Imagine sharing your ideas at a business meeting where your boss ridicules you. To avoid that happening again, you may stop speaking up at meetings. Coping would consider how well thought out your idea was and find ways to improve your presentation the next time. Instead of keeping quiet, coping helps you find a better way to explain your idea.
Assuming Intent versus Getting Support
Avoidance can cause a deep mistrust of other people. To avoid negative feelings, a person may assume that others don't like them or want to hurt them emotionally. By assuming a harmful intent, a person tries to justify their avoidance of others in their minds.
When a person copes with challenges, they realize that others' support is often the key to solving the problem.

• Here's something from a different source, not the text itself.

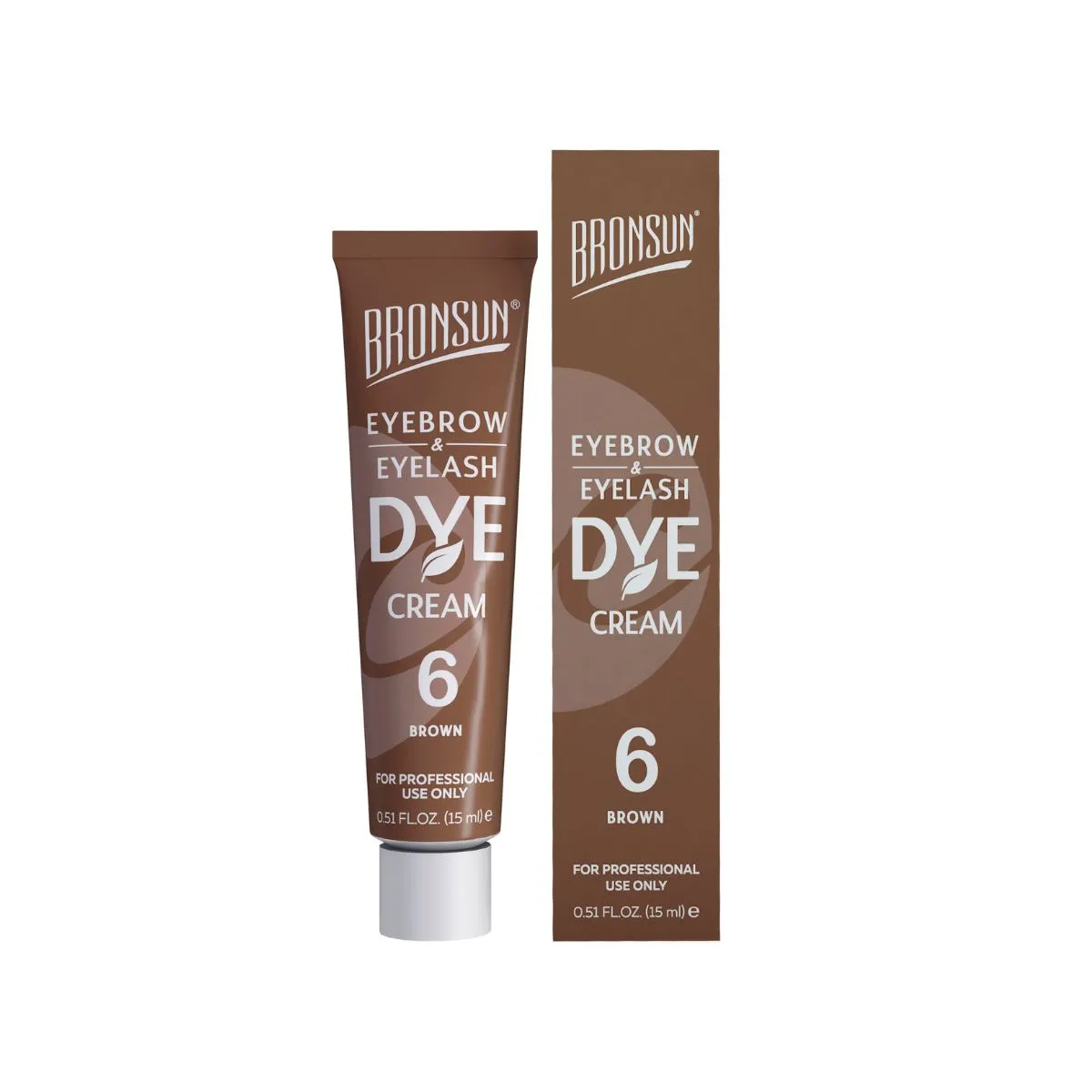 Bronsun Lash & Brow Cream Dye - #6 Brown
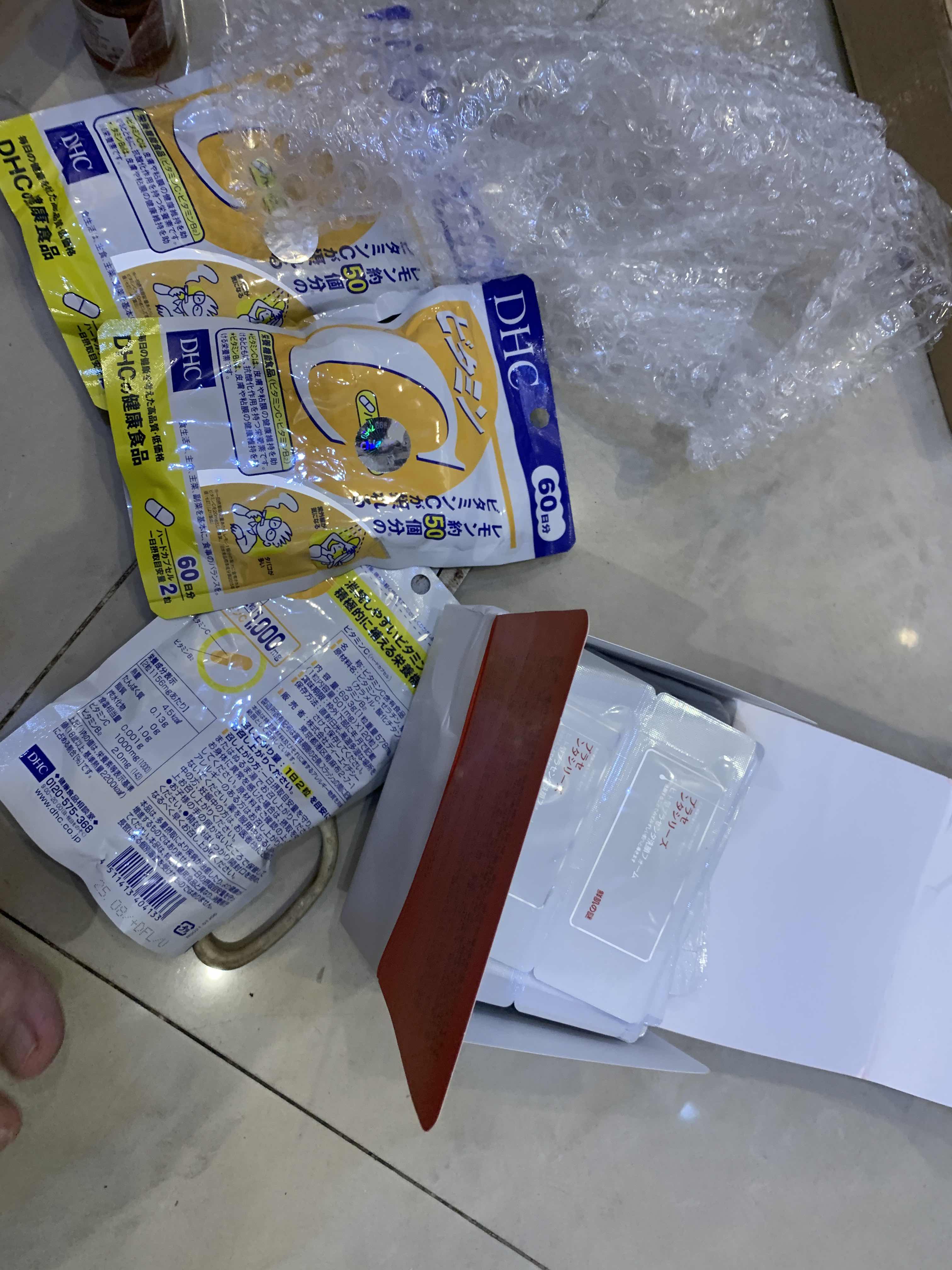 Viên Uống DHC Vitamin C 120 Viên - Hỗ Trợ Làm Đẹp Da, Tăng Cường Sức Đề Kháng, Giảm Thâm Nám, Chính Hãng Nhật Bản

If a person is afraid of failing at work, they may assume that their coworkers are trying to get them fired. Instead of seeking out their coworkers as part of the team, they may be quiet or rude. Without support, the person won't be able to succeed as a part of the team.
Not Starting Tasks versus Managing Expectations
Would you start a project or task if you didn't know how to finish it or how it would turn out? Avoiding tasks because a person is unsure of the outcome limits the opportunity to learn new things. Tackling a challenge allows a person to use and build their skills.
To cope when a project or task isn't going well, a person learns to manage their expectations. Perhaps they need more training or support, or they may need more time to find a solution. Coping moves people toward completing a task, while avoidance may keep them from even trying.
There is a stark difference between coping and avoiding. Coping is an effective set of strategies to manage challenges. Avoiding often creates new problems while trying to escape from the current one.